Recommended Opening "Thanks for making time. I’d like to use this session to confirm what Northstar needs from the next 12 months, address the reporting issues directly, and see whether we have the right conditions to expand analytics access without adding rollout risk."
Questions to Ask 1. Since the reporting incidents, what concerns are still unresolved for your team? 2. Which renewal outcome would make this feel like a strong decision internally? 3. Where do you expect the biggest adoption bottlenecks if analytics seats expand in Q4? 4. What would procurement need to see beyond price to move quickly? 5. Which success metrics matter most to Dana over the next two quarters? 6. Are there compliance or change-management concerns that would block a broader rollout?
Risks and Tensions - Dana may support the product strategically while still asking Priya to prove operational readiness. - Procurement may use the incident history to seek concessions beyond standard discount bands. - Assumption to confirm: Priya is still willing to act as internal champion if support commitments are tightened.
Decision Paths - Best case: renewal confirmed at near-current pricing with a Q4 expansion plan tied to a success checkpoint. - Acceptable fallback: renewal closes now, expansion deferred pending a 60-day performance review. - Walk-away condition: customer demands pricing terms that create an unhealthy precedent without a meaningful scope commitment.

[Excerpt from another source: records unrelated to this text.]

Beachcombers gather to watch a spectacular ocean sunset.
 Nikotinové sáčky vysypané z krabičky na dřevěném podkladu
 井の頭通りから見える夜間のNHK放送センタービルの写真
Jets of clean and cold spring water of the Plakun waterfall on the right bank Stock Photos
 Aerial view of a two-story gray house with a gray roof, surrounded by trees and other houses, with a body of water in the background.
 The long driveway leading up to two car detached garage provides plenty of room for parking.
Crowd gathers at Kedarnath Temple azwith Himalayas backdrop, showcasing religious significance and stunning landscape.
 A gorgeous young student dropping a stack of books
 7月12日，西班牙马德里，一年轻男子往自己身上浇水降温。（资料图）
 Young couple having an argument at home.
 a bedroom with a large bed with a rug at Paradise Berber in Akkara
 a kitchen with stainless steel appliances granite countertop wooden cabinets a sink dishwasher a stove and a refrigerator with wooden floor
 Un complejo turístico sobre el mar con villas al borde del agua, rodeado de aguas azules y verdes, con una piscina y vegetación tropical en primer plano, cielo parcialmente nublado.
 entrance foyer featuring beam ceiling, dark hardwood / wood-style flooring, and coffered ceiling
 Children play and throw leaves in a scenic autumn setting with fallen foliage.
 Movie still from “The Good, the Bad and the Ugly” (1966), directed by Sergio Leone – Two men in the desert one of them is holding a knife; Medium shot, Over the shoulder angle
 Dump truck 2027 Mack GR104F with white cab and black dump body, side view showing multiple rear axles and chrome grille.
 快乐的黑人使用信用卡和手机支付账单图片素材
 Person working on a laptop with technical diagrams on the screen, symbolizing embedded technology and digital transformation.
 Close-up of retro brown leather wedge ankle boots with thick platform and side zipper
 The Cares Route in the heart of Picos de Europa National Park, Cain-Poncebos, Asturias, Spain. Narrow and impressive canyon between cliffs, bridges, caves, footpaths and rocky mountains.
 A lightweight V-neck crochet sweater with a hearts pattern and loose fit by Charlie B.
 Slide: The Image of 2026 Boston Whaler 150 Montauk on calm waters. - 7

Follow-up Checklist - Send a written support-improvement summary by end of day, owner: VP Customer Success - Share a phased adoption plan for analytics seats by Thursday, owner: Solutions Architect - Confirm procurement redlines and approval timeline within 48 hours, owner: Account Executive
Most meetings do not fail because the agenda was missing. They fail because the person walking in did not have the real conversation mapped out in advance.
This Prompt is built for that problem. You give the model a messy bundle of attendee names, half-finished agenda points, recent emails, and the outcome you want. It gives you a structured brief that surfaces incentives, likely tension points, better opening lines, and the questions that actually move a decision forward.
The design matters. The Role tells the model to think like a chief of staff rather than a generic assistant. The Context allows incomplete material, which is how meeting prep usually looks in real life. The Constraints prevent hallucinated facts and force the model to separate evidence from assumptions. The Output Format keeps the result useful under time pressure instead of sprawling into a vague memo.
What makes this Prompt valuable is that it does more than summarize. It helps you see the room before you enter it. That is especially useful for renewal calls, executive reviews, cross-functional planning sessions, and any meeting where different attendees have different incentives.
If you reuse one work Prompt every week, this is a strong candidate. It shortens prep time, improves the quality of your questions, and makes follow-up far easier because the likely decision paths are already on the page.